なお面白い数字の単位についての話は、前に「数字の単位は摩訶不思議。数字の不思議なマジック・数字の大字も紹介!」という記事に詳しく書いていますので、ぜひご覧下さい。

8.「八」を含むことわざ・慣用句

(1)当たるも八卦当たらぬも八卦(あたるもはっけあたらぬもはっけ):占いは当たることもあれば当たらないこともあるということ。

八卦

「八卦」とは占いのこと。易で、陰と陽を示す算木の組み合わせで得られる八種の形から。
占いで悪い結果が出た時に、必ずしも的中するわけではないのが占いなのだから、吉凶は気にするなという意味で使われます。

占い師が占いを勧める時の前口上としても使われます。

(2)口八丁手八丁(くちはっちょうてはっちょう):しゃべることもやることも達者なこと。また、そのさま。「口も八丁手も八丁」「手八丁口八丁」とも言います。

口八丁手八丁

(3)腹八分目に医者いらず(はらはちぶんめにいしゃいらず):満腹になるまで食べないで、八分目くらいで抑えておけば健康に良いということ。暴飲暴食を戒めることわざ。

腹八分目に医者いらず

<類義語>

・腹も身の内

・節制は最良の薬なり

(4)八方塞がり(はっぽうふさがり):陰陽道 (おんみょうどう/おんようどう) で、どの方角に向かって事を行っても、不吉な結果が予想されること。また、どの方面にも差し障りがあって、手の打ちようがないこと。

「八方」とは、四方と四隅。東・西・南・北と北東・北西・南東・南西の八つの方角。

(5)八分されてもまだ二分残る(はちぶされてもまだにぶのこる):仲間外れにされても負けないということをしゃれていった言葉。

「八分」は「村八分」の略で、仲間外れの意。まだ二分残っているから、完全には負けていないといったもの。

(6)八細工七貧乏(はちざいく、しちびんぼう):なんでもできるような器用な人は一つの事に専念できずにどれも中途半端になってしまい、そのためにかえって貧乏するということ。
「七細工八貧乏」とも言います。

(7)朝寝八石の損(あさねはちこくのそん):朝寝坊は万事につけて損が多いというたとえ。一石は百升で約百八十リットル。

(8)借りる八合、済す一升(かりるはちごう、なすいっしょう):人に物やお金を借りたら、少し多めに返すか、お礼を添えて返すのが常識であるということ。

「済す」は、返済すること。

八合借りたら、一升にして返すべきであるとの意から。

(9)客人一杯手八杯(きゃくじんいっぱいてはちはい):客に酒を一杯すすめる間に、主人が手酌で酒を八杯飲むということ。

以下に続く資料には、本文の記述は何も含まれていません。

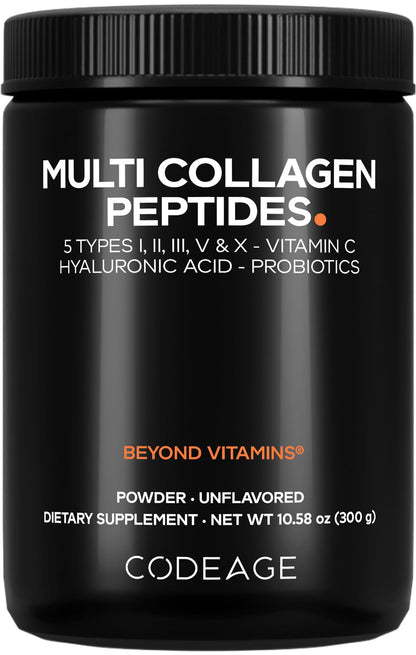 Codeage Multi Collagen Peptides Powder + Probiotics Black Edition, Vitamin C, Hyaluronic Acid Powder Supplement, Grass-Fed, Hydrolyzed, Zero Carbs, Type I, II, III, V & X, Unflavored, 10.58oz CodeageBuy Supplements Australia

酒好きの人が客にかこつけて酒を飲むことにも言います。

(10)虚無僧に尺八(こむそうにしゃくはち):必ず付いているもののたとえ。

(11)八方破れ(はっぽうやぶれ):備えがなく、隙だらけであること。
または、生活態度が勝手気ままな様子。

(12)額に八の字を寄せる(ひたいにはちのじをよせる):機嫌が悪かったり、悩んだりしている様子。

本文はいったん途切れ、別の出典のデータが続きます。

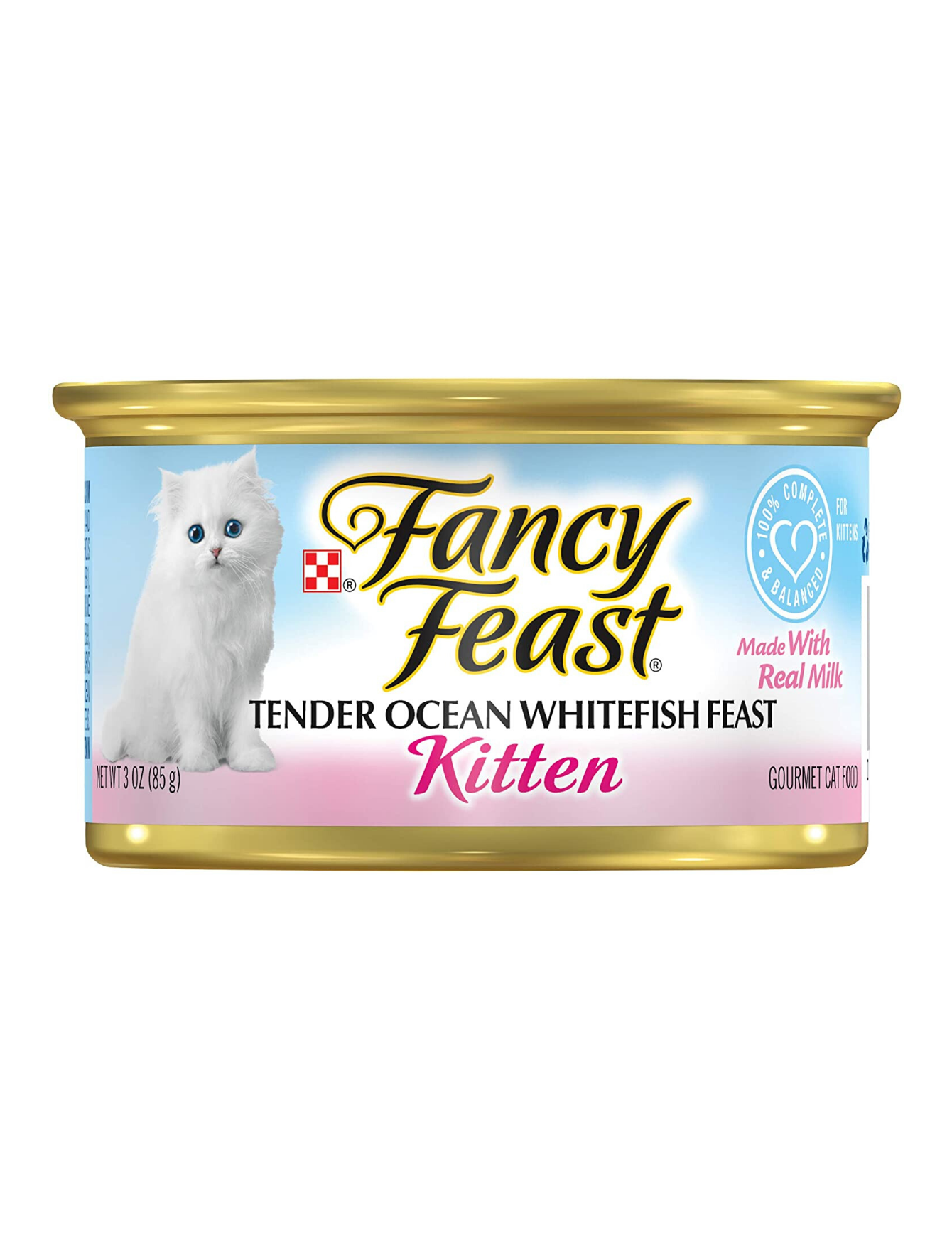 Fancy Feast Kitten Tender Ocean Whitefish Wet Cat Food - 3oz (85g) Canned Kitten Food for Growing Cats | High Protein Kitten Formula | Perfect for Weaning Kittens & Picky Eaters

眉を八の字の形にすることから。「八の字を寄せる」とも言います。

(13)胸突き八丁/胸突八町(むなつきはっちょう):①山頂付近の険しく急な坂道。富士登山で、頂上までの八丁(約八七二メートル)の険しい斜面のことから。

②物事を成し遂げる前の、一番苦しい局面。

(14)やけのやん八(やけのやんぱち):やけくそになることを人名めかして言った言葉。

(15)八幡の藪知らず(やわたのやぶしらず):迷うこと、また出口がわからなくなることのたとえ。

「八幡の藪知らず」は千葉県市川市八幡の森の通称。

古くから禁足地とされている場所で、一度入ると迷って二度と出られないとの言い伝えがあることから。